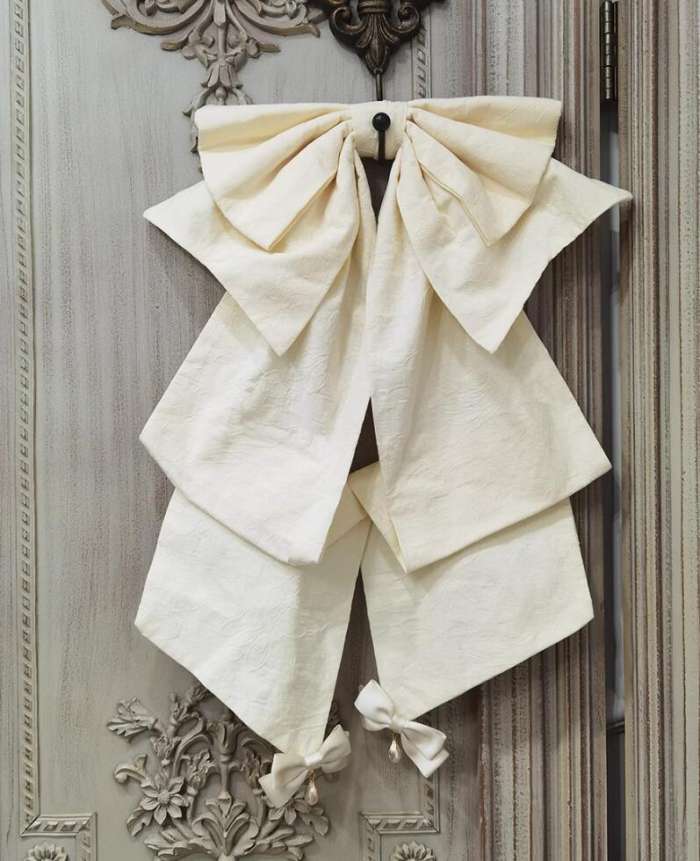 Miss Point Lilica Garden Lolita Accessories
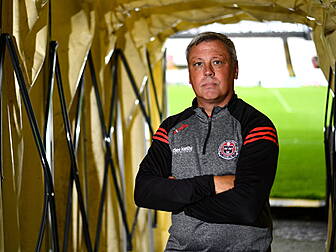 Long says Doherty windfall wil...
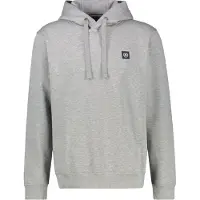 Lerros Sweat-shirt gris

Work item: Lines from the one containing "Long says Doherty windfall wil..." through the end of the listing, both included, are to be restated exactly, and pictures are to be left out.

Task response:
 Long says Doherty windfall wil...
 Lerros Sweat-shirt gris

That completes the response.